Personal Computer Games Issue 14, January 1985   page(s) 84,85

MACHINE: Spectrum 16/48K
CONTROL: Keys, Kemp, Sinc, Pro
FROM: Melbourne House, £5.95

Let's not beat about the bush: Sir Lancelot is as close to Manic Miner as you can get without copyright problems.

There are 24 screens for your character to run through, collect objects and, to finish the sheet, drop into a box. While doing this he must avoid various nasties including cooking pots on legs, Pacmen and birds.

Complete all 24 and Sir Lancelot collects the Holy Grail. The screens are traditional platform-fare, though staircases ('up' only) transport the little knight from level to level and he can fall any distance.

So what's special about Sir Lancelot - well, Melbourne House have managed to pack everything into 16K... now that's pretty amazing. Sir Lancelot himself is a far better graphics character than Willy, detailed and very endearing.

The sound is also very reasonable with a nice little bleep when an object is picked up. The game is packaged very well and there is a superbly drawn title screen with music at the start.

Sir Lancelot is not an immediately easy game to play. On the first screen it can take some time to figure out the best route to the objects to be collected. The Pacman at the top moves pretty quickly and will gobble you up many a time before you get the knack of evading him.

Other screens introduce military opponents: they look a bit like Lance but they're definitely not good guys. They patrol the bottom of the screen and make it tricky to get up to the objects.

Sir Lancelot is very impressive, given that it's only in 16K. For those owners with only that much memory it's a great buy. The many more with 48K will want to think twice about buying something that's good, but not as good as Jet Set Willy.

An impressive and enjoyable arcade-adventure, especially when you consider it's been squeezed into 16K.

Although there didn't seem to be anything stunningly original about the game it had some nice touches and was difficult enough to keep me at it for quite some time.


As a 16K game it's not bad at all; fitting in 24 rooms is quite a feat of programming, but has unfortunately necessitated a drop in the standards of graphics that Spectrum owners now take for granted. The characters move very quickly, but are flickery and not particularly detailed. If you've got 48K, don't bother with this but for unexpanded machines it's certainly he best game around.

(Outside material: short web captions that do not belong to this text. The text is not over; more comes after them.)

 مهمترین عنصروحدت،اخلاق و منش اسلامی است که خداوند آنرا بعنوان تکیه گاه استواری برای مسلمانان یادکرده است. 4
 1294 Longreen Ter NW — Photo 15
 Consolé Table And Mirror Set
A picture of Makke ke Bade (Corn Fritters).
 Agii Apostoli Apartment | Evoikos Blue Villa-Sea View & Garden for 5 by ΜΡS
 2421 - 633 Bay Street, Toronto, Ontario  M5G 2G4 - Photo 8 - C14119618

It was inevitable that eventually someone had to squeeze Jet Set Willy into 16K. Sir Lancelot is a fairly good implementation with a reasonable 24 rooms and some fairly tricky obstacles. There's nothing too difficult though as you've got to play against the clock and so, unlike JSW, you don't have time to think about a strategy.


Lasting Interest7/10
Transcript by Chris Bourne

Sinclair Programs Issue 26, December 1984   page(s) 17

PRICE: £5.95

In the excitement of software launches for Christmas it is easy to overlook the fact that, these days, 16K Spectrum owners are suffering just as much as ZX-81 owners from scarcity of new software. Melbourne House have taken this into account with their new launch, Sir Lancelot, which will run on the 16K Spectrum.

It is a complicated arcade-style adventure in which the aim is for your character, Sir Lancelot, to avoid the moving nasties on the screen and, by moving left and right and jumping, collect the objects. To confuse matters even more, there is a time limit of 999 time units, and these slip away extremely quickly.

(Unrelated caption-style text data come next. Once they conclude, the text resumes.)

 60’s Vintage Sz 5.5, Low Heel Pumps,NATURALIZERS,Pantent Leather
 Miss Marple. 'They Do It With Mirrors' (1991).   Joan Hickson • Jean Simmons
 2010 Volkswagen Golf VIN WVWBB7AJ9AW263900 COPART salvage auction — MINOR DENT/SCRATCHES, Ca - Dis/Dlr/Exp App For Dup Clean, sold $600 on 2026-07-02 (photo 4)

The game calls for strategy and timing. Each screen will take some time to complete as, with the time limit ticking away rapidly, it is not necessary only to be able to collect the objects, but to be able to collect them as quickly as possible.

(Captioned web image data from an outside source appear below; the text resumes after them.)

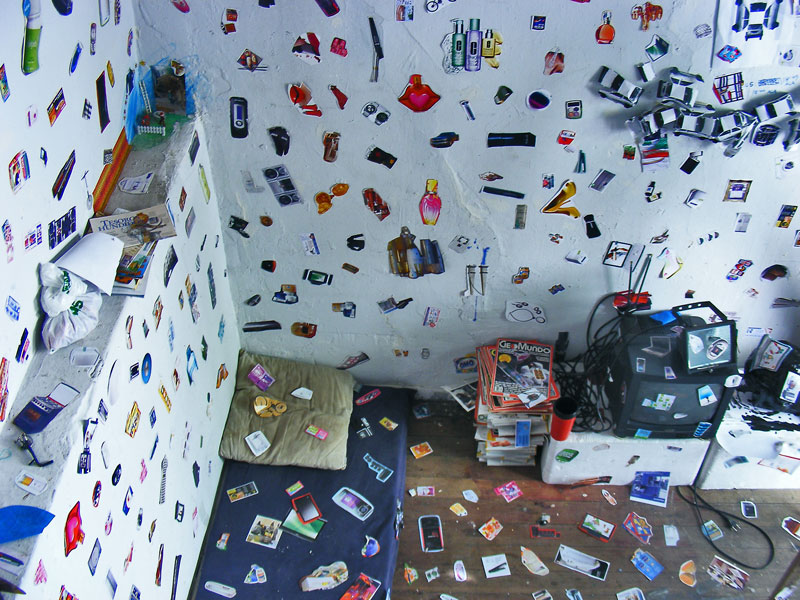 Estudio de FW apestado: habitación intervenida (vista 013)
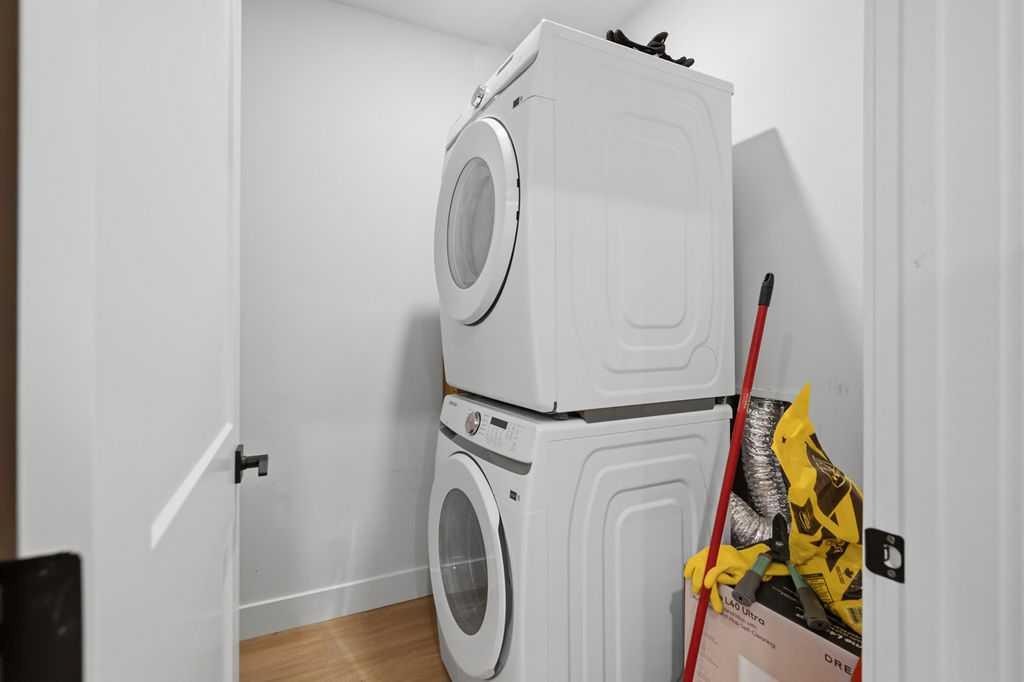 136 10 Avenue Nw, Calgary, AB - Indoor Photo Showing Laundry Room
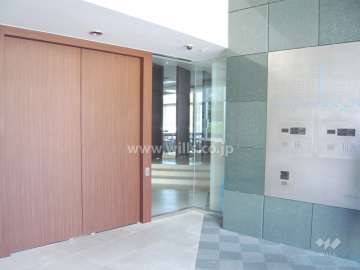 エントランスホール（オートロック付き）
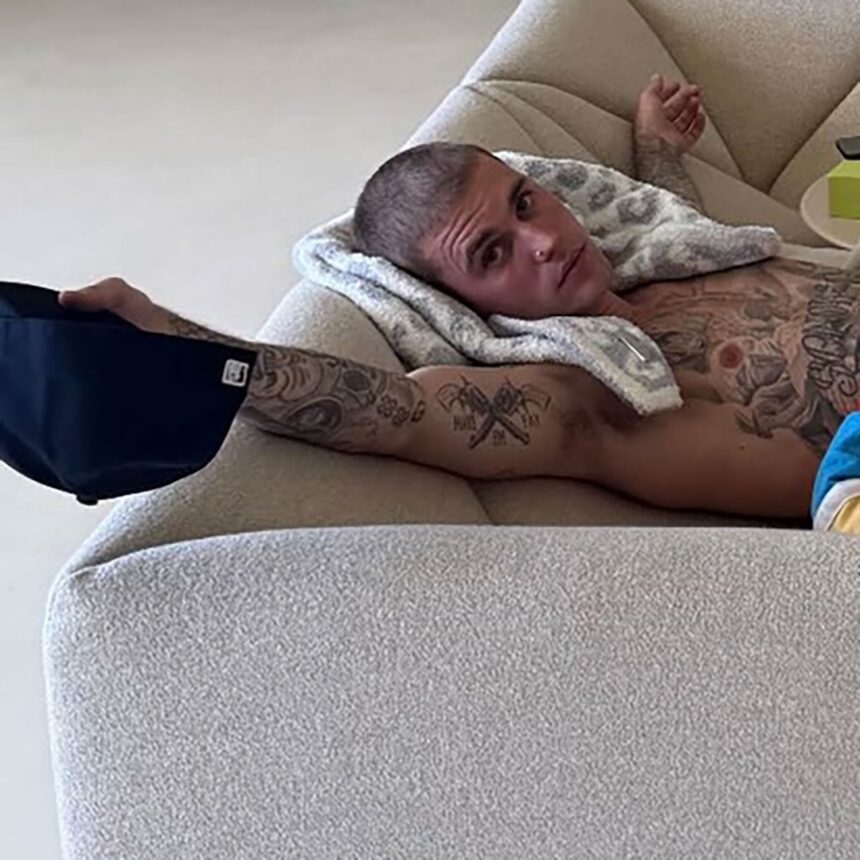 Justin Bieber si salgano su divano con baby jack blues bieber in dolce foto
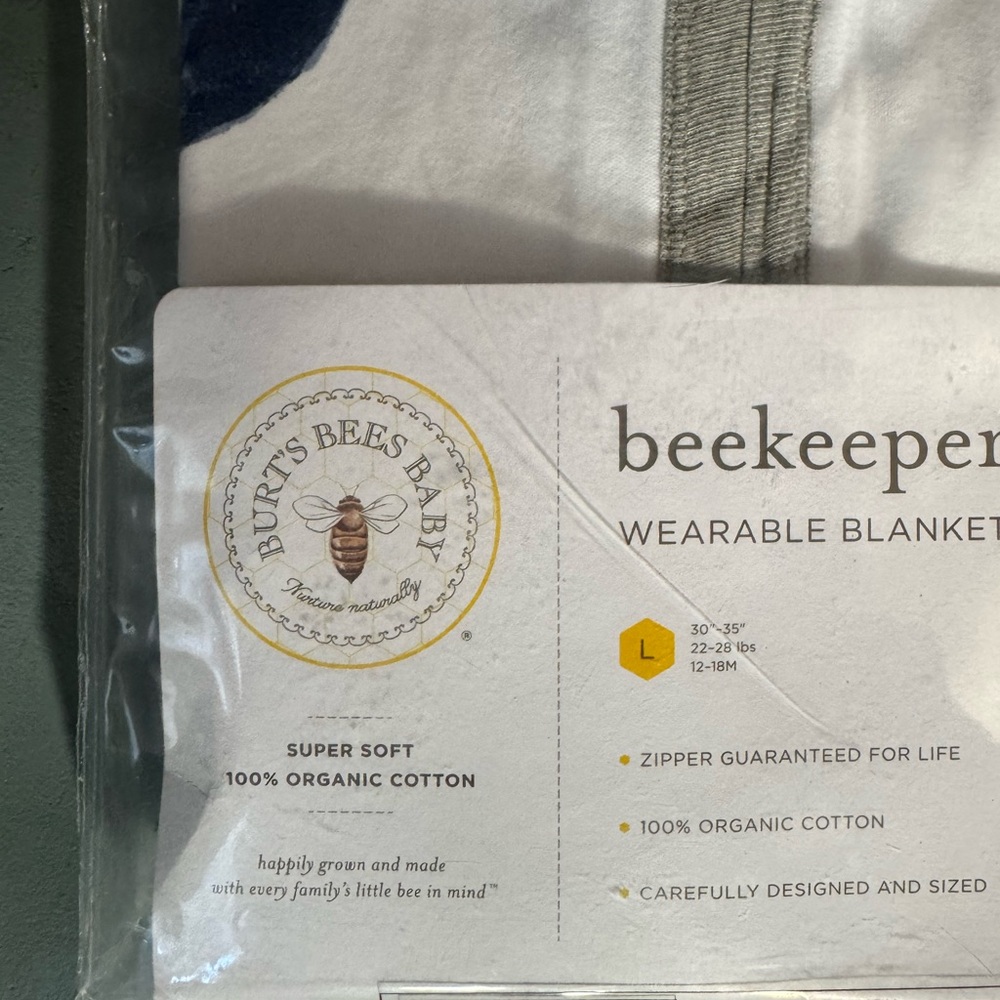 BURTS BEES beekeeper wearable blanket - Picture 3 of 6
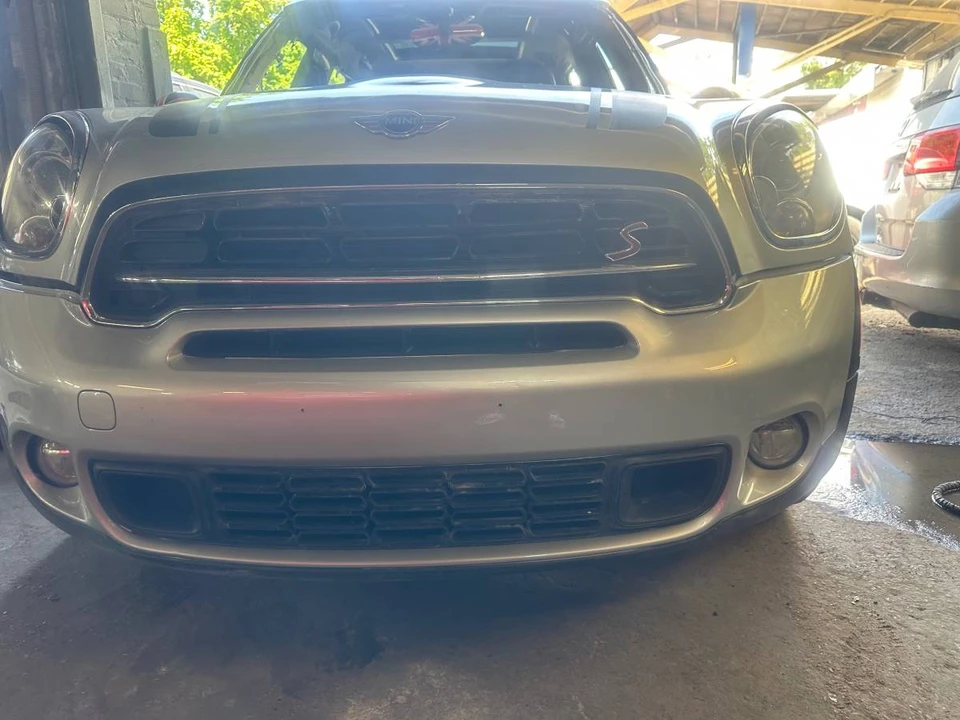 2015 Mini Mini Cooper S 3rd Gen - Image 2 of 9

There are many screens, of which the first two are likely to keep you occupied for some time.

The graphics are smooth and flicker-free, the game is fast moving and a number of fun details, such as the extra-life Sir Lancelot's which march up and down the screen, make this an excellent game, which will probably be enjoyed by 48K and 16K owners.

Sir Lancelot is produced for the 16K Spectrum by Melbourne House, Church Yard, Tring, Hertfordshire.